Do you know there is a simple empirical formula finding the angles, giving three sides *a, b, c* of any right angle? Let *a < b < c* where c is the hypotenuse. The angle A (which shall be the smaller acute angle) shall be:

A is approximately

(86 a) ⁄ {(b/2) + c}(note the result is in degree) — (**)

Let’s look at a few examples to verify that the formula above does give us the correct result.

For 1-1-√̅2 triangle, both of the acute angles shall be 45 degrees. While using formula (**), we get:

A is approximately (in degrees):: (86 x 1) ⁄ {(1/2) + √̅2} = 44.9

For 1- √̅3 -2 triangle, the smaller acute angle is 30 degree. While using formula (**), we get:

A is approximately (in degrees):: (86 x 1) ⁄ {√̅3/2 + 2} = 30.01

— So that’s pretty close.

Finally, let us look at the famous 3-4-5 right triangle: with the given formula,

A is approximately (in degrees) (86 x 3) ⁄ {(4/2) + 5} = 36.86

You can verify the smaller acute angle of such a triangle is roughly 36.87 degree.

Wondering how do we get the constant 86? You can find this constant from the formula:

(3/2) x (180 ⁄ π) = 86

An alternative formula that gives you roughly the same result is:

A is approximately

(3 a) ⁄ {b + 2 c} x (180 degree /π)— (*)

Question for thought:

1) With this formula, can we also find the larger acute angle of the right triangle?

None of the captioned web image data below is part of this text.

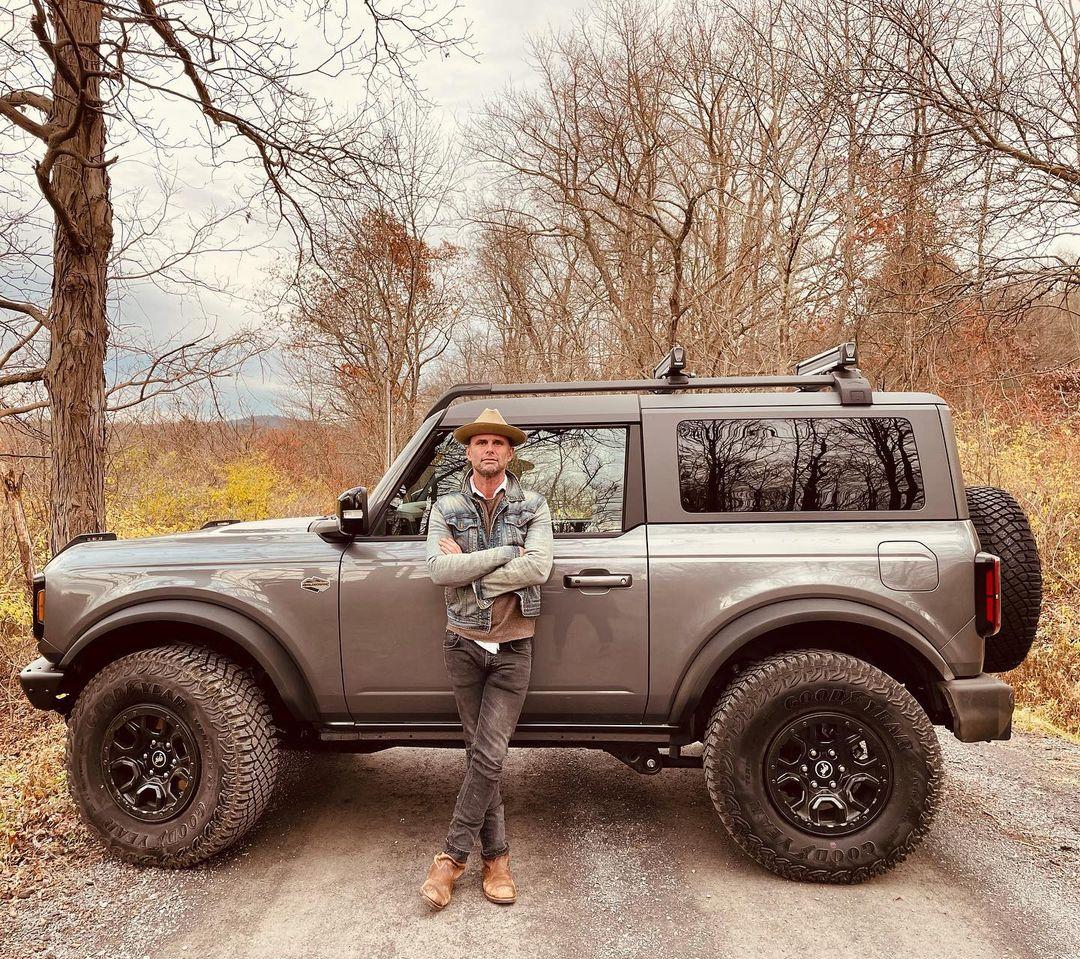 Ford Bronco John Bronco finally got his (2-door Wildtrak)!!! 257981605_3165559793711342_5997455260102460661_n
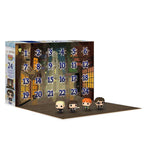 Funko Harry Potter Advent Calendar 24 Pocket Pops - British product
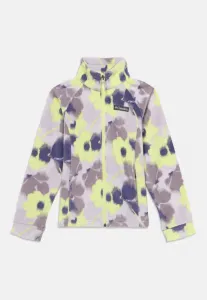 Флисовая куртка унисекс с принтом benton springs Columbia, Shale Purple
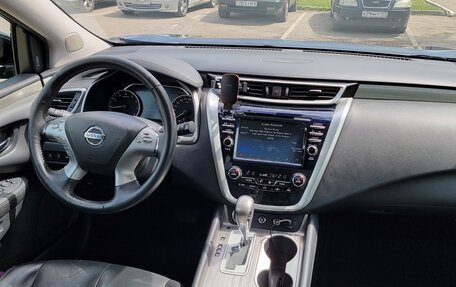 Nissan Murano, 2021 год, 3 350 000 рублей, 15 фотография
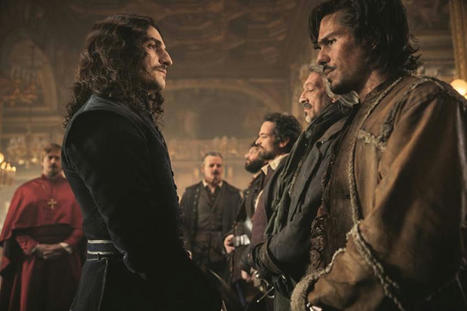 BO Unifrance : "Les Trois mousquetaires – D’Artagnan" fait mouche en Russie et en Italie | Professionnels du tourisme du Grand Auch Cœur de Gascogne | Scoop.it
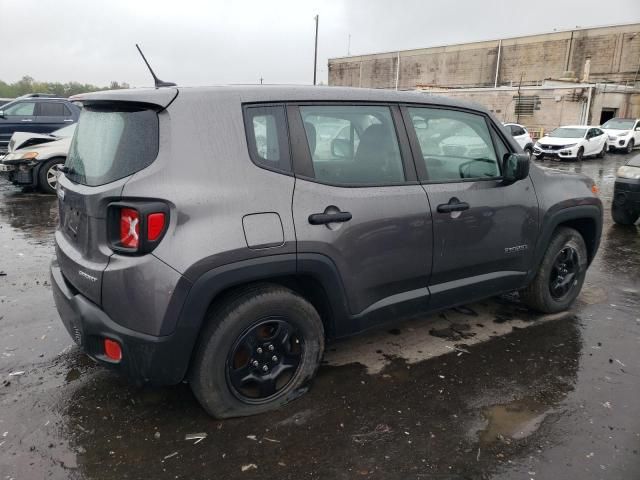 2017 Jeep Renegade Sport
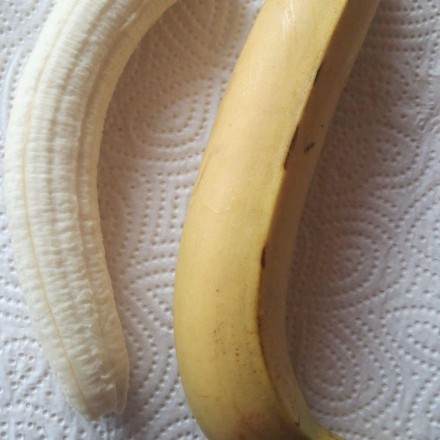 Bananen über 3 Wochen frisch halten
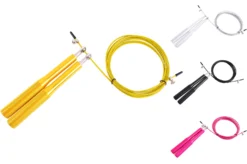 Corde à Sauter à Roulement - Vitesse & Cardio, NineStars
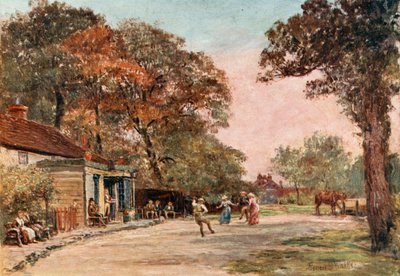Kingbury Green, Londres - Francis S. Walker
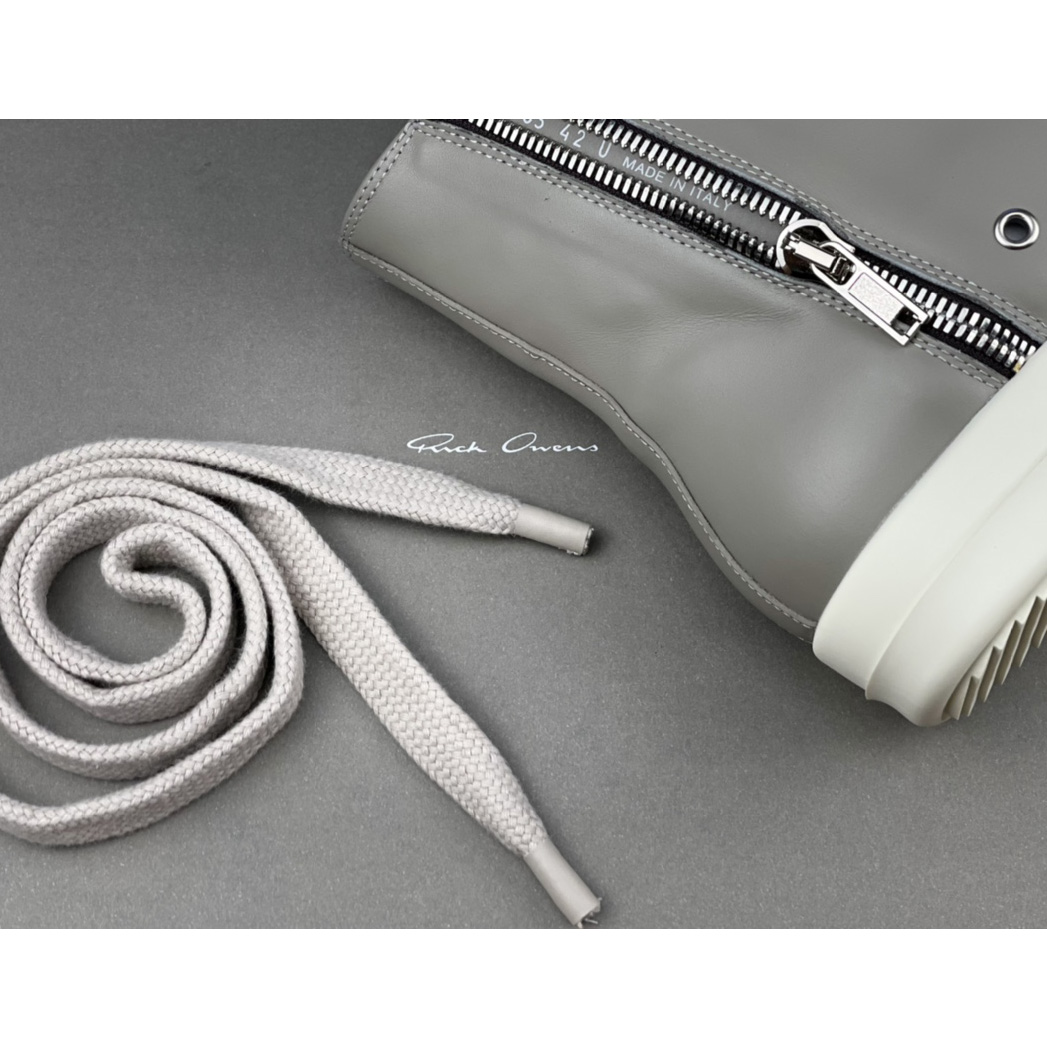 Rick Owens Fogachine Sneaker - DopestKickz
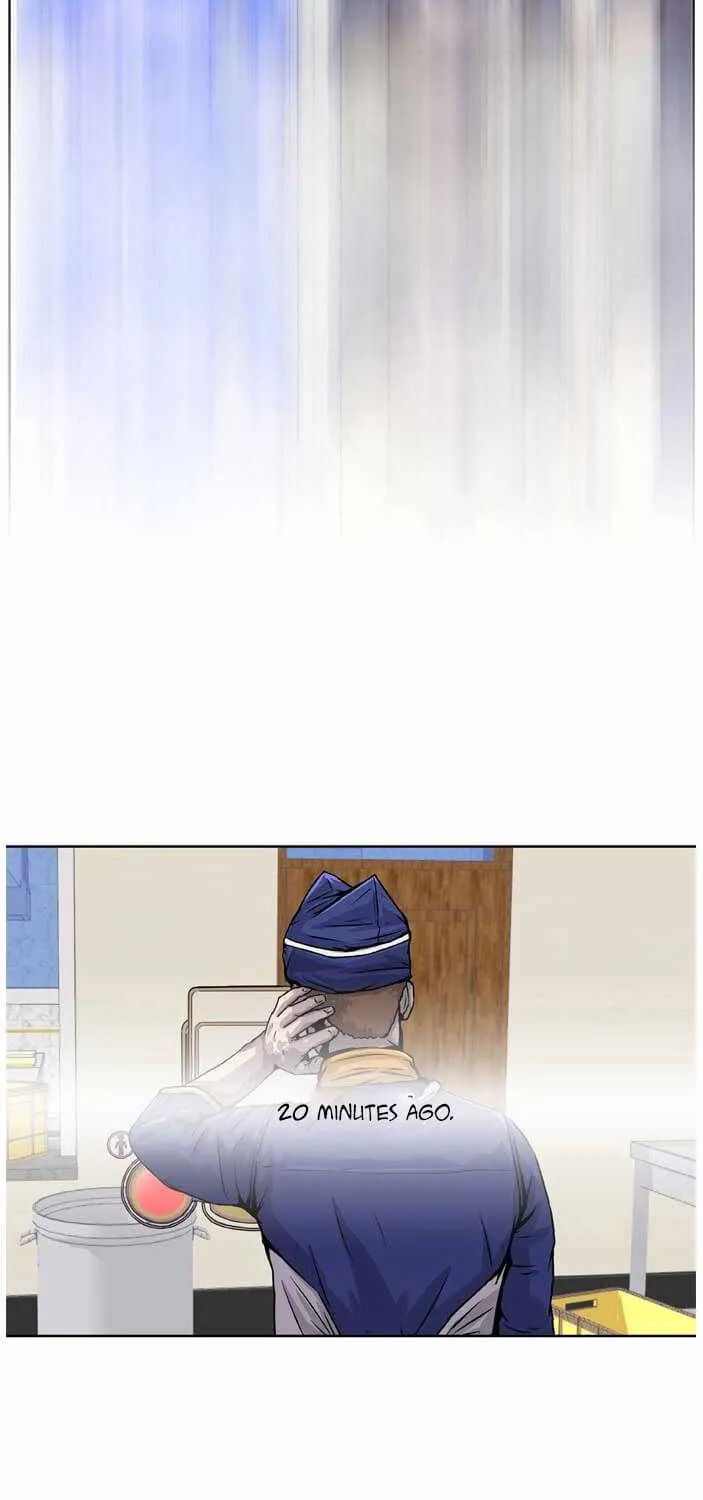 Kitchen Soldier Zinmanga X Chapter 11 Page 4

2) We applied the formula to find the smaller acute angle of a right triangle. Can we apply this formula to any triangle?

3) Do the calculation yourself – find the smaller acute angle respectively for the following two right triangles:

3a) the 1-2-√̅5 triangle

3b) the 8-15-17 triangle

Wow! With the approximate formula as given in this article, you can find the angle, on a calculator even without a trigonometry / inverse trigonometry functionality. Isn’t that cool?